From the records below, output exactly the lines running from the line containing "2025 Topps Chrome" through the line containing "PAIR OF <b>CYLINDERS</b>", and no others.

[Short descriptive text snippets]
# # # # # # #

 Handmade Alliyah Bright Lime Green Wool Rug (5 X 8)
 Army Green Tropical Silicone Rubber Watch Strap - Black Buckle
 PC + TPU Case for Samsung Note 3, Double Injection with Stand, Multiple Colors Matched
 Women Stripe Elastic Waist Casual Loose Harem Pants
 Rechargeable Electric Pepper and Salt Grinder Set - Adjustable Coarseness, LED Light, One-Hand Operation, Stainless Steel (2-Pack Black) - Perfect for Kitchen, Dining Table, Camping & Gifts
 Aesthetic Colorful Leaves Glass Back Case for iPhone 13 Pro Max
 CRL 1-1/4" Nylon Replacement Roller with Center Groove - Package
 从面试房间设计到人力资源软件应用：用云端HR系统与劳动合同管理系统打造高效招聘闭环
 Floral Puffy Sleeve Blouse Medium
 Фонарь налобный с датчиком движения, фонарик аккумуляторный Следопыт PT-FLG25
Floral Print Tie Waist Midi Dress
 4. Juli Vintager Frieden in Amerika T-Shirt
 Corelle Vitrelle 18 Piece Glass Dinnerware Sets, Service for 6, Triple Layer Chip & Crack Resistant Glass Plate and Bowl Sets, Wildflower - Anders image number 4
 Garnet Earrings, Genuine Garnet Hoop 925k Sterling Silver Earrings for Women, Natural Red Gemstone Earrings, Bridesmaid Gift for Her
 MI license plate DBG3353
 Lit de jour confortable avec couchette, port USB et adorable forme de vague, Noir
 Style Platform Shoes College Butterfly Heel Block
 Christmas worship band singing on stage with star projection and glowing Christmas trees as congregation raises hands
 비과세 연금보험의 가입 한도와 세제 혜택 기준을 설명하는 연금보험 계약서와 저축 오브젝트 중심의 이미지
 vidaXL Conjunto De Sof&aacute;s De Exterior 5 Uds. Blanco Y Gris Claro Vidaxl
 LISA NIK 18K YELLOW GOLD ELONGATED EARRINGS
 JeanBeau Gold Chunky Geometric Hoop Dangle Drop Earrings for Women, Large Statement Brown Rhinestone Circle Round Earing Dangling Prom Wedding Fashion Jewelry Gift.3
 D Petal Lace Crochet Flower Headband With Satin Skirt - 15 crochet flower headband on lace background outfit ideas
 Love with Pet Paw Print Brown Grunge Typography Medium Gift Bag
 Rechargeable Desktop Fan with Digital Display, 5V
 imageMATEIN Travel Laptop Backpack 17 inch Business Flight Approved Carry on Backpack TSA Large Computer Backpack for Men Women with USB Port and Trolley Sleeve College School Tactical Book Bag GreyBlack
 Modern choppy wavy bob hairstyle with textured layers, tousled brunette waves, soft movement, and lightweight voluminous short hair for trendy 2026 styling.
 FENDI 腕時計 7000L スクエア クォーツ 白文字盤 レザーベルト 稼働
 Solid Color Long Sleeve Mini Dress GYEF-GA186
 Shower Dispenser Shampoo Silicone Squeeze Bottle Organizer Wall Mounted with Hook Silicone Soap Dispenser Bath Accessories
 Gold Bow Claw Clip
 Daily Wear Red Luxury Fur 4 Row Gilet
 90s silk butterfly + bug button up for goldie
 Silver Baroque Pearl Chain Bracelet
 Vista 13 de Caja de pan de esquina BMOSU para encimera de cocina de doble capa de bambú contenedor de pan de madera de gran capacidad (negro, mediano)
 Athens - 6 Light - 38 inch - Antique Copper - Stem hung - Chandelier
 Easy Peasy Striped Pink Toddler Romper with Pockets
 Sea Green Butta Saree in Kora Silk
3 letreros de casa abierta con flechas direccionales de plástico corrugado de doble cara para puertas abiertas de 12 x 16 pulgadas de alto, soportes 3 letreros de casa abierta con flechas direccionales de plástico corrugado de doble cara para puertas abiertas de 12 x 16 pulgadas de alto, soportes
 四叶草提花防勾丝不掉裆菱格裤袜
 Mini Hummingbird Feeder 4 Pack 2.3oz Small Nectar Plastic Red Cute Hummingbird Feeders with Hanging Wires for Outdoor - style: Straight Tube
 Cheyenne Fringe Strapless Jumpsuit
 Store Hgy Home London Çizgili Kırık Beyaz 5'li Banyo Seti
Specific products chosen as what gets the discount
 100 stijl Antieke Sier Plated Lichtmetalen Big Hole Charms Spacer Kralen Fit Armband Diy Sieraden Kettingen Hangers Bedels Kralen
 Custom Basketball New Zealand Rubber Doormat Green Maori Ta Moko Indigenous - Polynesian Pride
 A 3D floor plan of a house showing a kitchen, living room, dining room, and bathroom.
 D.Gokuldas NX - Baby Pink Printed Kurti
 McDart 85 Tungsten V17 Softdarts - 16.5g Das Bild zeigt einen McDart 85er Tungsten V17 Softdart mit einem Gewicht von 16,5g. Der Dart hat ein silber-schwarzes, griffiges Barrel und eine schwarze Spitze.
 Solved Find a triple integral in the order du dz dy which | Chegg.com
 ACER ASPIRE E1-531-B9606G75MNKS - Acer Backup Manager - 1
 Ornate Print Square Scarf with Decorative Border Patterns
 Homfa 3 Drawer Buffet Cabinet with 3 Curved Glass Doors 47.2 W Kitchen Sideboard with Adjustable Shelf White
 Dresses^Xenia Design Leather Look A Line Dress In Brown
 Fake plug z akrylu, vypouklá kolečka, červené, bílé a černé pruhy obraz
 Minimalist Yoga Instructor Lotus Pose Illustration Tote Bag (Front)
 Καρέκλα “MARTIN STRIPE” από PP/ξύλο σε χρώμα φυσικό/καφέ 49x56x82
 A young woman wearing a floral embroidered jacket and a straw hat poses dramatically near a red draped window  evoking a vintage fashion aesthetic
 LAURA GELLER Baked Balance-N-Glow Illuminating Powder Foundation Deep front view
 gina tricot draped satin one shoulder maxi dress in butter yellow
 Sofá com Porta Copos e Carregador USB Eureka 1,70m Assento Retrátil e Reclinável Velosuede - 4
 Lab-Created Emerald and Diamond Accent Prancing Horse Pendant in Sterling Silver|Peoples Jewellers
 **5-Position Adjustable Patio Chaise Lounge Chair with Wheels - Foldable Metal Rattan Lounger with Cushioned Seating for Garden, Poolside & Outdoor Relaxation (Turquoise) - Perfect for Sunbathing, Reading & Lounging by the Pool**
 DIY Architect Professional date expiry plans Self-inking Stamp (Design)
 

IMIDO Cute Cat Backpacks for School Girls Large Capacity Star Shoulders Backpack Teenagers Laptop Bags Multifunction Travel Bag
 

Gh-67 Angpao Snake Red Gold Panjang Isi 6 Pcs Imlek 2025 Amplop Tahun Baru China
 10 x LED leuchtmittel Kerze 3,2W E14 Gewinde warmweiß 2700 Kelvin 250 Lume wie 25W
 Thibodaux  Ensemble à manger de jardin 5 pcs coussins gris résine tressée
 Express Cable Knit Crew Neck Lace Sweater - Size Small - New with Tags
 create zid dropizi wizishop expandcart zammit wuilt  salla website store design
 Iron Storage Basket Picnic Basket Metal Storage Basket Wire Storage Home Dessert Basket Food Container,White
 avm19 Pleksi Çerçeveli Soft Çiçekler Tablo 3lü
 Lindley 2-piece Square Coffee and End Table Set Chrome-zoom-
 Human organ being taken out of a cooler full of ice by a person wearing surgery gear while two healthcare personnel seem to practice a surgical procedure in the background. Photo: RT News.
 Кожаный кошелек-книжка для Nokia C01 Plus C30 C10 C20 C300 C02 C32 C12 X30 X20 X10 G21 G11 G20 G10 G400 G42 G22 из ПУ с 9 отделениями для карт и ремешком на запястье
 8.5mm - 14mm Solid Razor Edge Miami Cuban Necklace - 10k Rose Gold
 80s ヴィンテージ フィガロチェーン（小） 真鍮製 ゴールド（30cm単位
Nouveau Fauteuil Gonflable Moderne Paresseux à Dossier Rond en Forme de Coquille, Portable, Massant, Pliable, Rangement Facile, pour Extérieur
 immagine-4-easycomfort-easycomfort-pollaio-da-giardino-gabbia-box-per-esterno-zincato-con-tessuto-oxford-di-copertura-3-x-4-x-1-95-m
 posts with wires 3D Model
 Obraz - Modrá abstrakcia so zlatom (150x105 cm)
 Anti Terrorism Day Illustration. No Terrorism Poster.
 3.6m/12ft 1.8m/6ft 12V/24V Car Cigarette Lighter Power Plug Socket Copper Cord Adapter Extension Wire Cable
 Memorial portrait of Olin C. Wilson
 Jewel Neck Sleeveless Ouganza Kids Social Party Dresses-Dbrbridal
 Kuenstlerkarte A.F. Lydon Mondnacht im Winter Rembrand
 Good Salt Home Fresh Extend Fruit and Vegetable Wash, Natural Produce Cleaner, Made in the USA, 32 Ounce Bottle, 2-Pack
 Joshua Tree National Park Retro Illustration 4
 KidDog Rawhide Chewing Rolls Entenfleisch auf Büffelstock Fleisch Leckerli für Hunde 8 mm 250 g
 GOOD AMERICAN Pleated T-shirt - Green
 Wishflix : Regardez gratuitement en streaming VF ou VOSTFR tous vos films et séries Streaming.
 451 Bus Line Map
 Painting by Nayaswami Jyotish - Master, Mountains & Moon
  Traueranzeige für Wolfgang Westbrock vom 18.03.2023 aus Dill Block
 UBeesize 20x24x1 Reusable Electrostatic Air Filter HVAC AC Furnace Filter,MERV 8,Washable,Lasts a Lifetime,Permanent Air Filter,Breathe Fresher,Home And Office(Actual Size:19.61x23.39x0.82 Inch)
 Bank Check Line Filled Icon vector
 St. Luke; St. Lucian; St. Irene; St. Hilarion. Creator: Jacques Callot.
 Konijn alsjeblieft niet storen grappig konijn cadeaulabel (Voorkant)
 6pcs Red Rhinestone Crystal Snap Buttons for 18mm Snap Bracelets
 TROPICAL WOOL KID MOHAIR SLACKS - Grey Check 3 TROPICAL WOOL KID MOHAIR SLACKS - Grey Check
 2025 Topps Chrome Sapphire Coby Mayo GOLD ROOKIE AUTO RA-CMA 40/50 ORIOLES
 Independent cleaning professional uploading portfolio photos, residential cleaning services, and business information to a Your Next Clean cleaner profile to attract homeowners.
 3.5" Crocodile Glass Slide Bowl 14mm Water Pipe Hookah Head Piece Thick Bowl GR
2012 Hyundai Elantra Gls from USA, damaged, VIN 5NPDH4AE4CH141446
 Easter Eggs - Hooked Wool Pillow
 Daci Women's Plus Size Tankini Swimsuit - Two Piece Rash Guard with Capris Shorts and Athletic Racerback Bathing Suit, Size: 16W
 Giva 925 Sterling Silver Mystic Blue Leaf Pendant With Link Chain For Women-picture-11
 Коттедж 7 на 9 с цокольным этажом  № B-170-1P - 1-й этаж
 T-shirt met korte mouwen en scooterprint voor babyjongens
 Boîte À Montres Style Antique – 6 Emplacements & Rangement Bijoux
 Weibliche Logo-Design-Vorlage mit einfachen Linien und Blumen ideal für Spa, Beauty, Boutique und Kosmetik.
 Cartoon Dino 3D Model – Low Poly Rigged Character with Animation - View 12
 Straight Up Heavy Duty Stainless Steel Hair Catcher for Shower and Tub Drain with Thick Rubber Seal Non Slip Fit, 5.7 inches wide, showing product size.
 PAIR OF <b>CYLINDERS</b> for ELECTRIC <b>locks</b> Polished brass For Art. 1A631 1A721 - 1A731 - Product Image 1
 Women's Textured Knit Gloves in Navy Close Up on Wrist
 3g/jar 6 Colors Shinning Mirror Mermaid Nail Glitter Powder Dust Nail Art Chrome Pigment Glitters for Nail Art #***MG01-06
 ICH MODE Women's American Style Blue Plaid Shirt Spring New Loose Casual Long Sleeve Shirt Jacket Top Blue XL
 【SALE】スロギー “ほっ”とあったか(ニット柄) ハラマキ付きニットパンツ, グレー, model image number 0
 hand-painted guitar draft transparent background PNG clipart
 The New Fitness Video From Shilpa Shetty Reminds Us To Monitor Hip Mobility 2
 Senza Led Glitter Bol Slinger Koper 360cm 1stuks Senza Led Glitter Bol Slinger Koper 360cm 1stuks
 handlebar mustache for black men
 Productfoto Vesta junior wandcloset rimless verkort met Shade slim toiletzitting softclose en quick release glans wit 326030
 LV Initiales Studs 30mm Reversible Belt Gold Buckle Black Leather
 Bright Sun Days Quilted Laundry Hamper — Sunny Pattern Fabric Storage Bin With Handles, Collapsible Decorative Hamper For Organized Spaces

# # # # # # #

[Expected answer]:
 2025 Topps Chrome Sapphire Coby Mayo GOLD ROOKIE AUTO RA-CMA 40/50 ORIOLES
 Independent cleaning professional uploading portfolio photos, residential cleaning services, and business information to a Your Next Clean cleaner profile to attract homeowners.
 3.5" Crocodile Glass Slide Bowl 14mm Water Pipe Hookah Head Piece Thick Bowl GR
2012 Hyundai Elantra Gls from USA, damaged, VIN 5NPDH4AE4CH141446
 Easter Eggs - Hooked Wool Pillow
 Daci Women's Plus Size Tankini Swimsuit - Two Piece Rash Guard with Capris Shorts and Athletic Racerback Bathing Suit, Size: 16W
 Giva 925 Sterling Silver Mystic Blue Leaf Pendant With Link Chain For Women-picture-11
 Коттедж 7 на 9 с цокольным этажом  № B-170-1P - 1-й этаж
 T-shirt met korte mouwen en scooterprint voor babyjongens
 Boîte À Montres Style Antique – 6 Emplacements & Rangement Bijoux
 Weibliche Logo-Design-Vorlage mit einfachen Linien und Blumen ideal für Spa, Beauty, Boutique und Kosmetik.
 Cartoon Dino 3D Model – Low Poly Rigged Character with Animation - View 12
 Straight Up Heavy Duty Stainless Steel Hair Catcher for Shower and Tub Drain with Thick Rubber Seal Non Slip Fit, 5.7 inches wide, showing product size.
 PAIR OF <b>CYLINDERS</b> for ELECTRIC <b>locks</b> Polished brass For Art. 1A631 1A721 - 1A731 - Product Image 1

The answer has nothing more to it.